A while ago Apple open sourced it’s mxnet based Turi Create-toolkit to build ML-models primarily for iPhone with CoreML. After playing around with the system, i wondered if this might be an interesting fit for the missing object detection/image models in prodigy. Turi does a lot of legwork for image based models; for example generating automatic image augmentations or allowing you to keep training on an already existing YOLO-model. The functions are deceptively simple and it works surprisingly well. Any plans to support something like this in the future or do you have your own plans for object detection/image-classification?


(Ines Montani) #2

Thanks, that sounds pretty exciting – will definitely look into this! :sparkles:

For our first object detection experiments, we actually used the DarkNet library (or rather, our own Python port of it: LightNet). It’s still experimental, but you can test the YOLO models via the image.test recipe (see here).

Prodigy already comes with a pretty versatile image interface that supports "spans" consisting of (x, y) pixel coordinates relative to the image, as well as labels. It can render both rectangular and polygon shapes. The format it expects is very simple – so if you want to give it a go and play around with integrating Turi Create via a custom recipe, this could be super cool. The only part that turned out to be a little tricky was the updating.

But if you only want to stream in the model’s predictions and collect feedback on them, all you need is extract the bounding boxes and image dimensions in a format like this:

{
    "image": "some_image.jpg",
    "width": 800,
    "height": 600,
    "spans": [{
        "label": "PERSON",
        "color": "magenta",
        "points": [[150,80], [270,100], [250,200], [170,240], [100, 200]]
    }]
}

If you wrap an image stream in the fetch_images preprocessor, Prodigy will load images from paths and URLs, and convert them to base64-encoded data URIs. This allows the image data to be passed around the application, and to be stored in the database together with the annotations. You can also easily decode the image data to bytes to process it by your model.

from prodigy.components.preprocess import fetch_images
stream = fetch_images(stream)
{"image": "some_image.jpg"}  # before
{"image": "..."} # after

I’ve also started experimenting with manual image annotation interfaces – similar to the new ner_manual. This will be a little more complex, though, so we don’t have an exact timeline for it yet.


(Espen Jütte) #3

Really cool, i was thinking of outputing Turi Create results to prodigy for evaluating. But i’m waiting for Turi to support Python 3 fully. But as you mention, the hard (and indeed cool) part would of course be to get model updating working.

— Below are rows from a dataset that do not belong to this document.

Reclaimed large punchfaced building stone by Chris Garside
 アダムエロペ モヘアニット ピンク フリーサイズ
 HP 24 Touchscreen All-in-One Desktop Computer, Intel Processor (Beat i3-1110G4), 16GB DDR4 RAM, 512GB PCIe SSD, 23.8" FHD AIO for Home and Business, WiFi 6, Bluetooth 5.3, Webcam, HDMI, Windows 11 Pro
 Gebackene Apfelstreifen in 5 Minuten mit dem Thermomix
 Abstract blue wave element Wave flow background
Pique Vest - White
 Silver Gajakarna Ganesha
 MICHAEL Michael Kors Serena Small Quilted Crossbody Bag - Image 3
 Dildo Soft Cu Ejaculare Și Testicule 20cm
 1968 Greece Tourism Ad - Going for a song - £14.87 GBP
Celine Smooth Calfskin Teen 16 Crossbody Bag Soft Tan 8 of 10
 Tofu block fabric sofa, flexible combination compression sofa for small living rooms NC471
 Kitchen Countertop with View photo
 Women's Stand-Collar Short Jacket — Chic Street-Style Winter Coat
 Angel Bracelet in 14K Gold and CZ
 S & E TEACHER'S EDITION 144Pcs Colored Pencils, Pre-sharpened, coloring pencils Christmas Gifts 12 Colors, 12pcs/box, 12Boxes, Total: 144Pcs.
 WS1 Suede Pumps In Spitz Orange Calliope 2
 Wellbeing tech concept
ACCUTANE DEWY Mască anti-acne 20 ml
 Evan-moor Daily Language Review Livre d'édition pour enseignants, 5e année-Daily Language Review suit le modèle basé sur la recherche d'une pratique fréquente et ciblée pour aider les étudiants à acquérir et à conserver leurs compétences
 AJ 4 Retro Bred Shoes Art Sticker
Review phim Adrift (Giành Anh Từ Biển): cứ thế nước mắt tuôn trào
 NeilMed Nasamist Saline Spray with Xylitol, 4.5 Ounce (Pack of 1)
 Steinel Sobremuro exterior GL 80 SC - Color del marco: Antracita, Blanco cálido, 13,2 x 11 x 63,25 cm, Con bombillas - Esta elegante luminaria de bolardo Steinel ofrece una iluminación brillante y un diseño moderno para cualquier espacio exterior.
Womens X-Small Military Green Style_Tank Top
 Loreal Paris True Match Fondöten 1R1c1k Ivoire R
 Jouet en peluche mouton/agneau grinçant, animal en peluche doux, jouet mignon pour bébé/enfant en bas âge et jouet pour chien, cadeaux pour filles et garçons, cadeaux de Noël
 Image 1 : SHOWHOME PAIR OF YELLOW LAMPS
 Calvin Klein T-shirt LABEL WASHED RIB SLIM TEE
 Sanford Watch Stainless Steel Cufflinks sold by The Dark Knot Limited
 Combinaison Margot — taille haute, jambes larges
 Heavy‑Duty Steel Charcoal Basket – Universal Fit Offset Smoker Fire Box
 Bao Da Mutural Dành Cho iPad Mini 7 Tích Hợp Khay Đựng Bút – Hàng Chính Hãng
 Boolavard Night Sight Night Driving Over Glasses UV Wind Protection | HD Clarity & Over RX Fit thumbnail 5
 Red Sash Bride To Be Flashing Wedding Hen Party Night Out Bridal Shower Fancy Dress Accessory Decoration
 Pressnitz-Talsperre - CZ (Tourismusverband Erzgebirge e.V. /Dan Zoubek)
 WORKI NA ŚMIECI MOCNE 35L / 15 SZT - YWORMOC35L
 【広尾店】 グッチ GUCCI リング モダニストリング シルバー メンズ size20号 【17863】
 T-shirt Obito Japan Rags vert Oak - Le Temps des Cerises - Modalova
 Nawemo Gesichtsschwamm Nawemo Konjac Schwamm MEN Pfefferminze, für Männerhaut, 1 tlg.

Being able to evaluate, fine-tune and train domain-specific YOLO-models in prodigy would be really cool. Turi create takes out a lot of the work inn training the initial model, but there is still a good bunch of iterating back and forth between predictions and training data to figure out where the model is error-prone and adding more data for specific cases where the model is doing a poor job. I think prodigy could helpe immensely with that.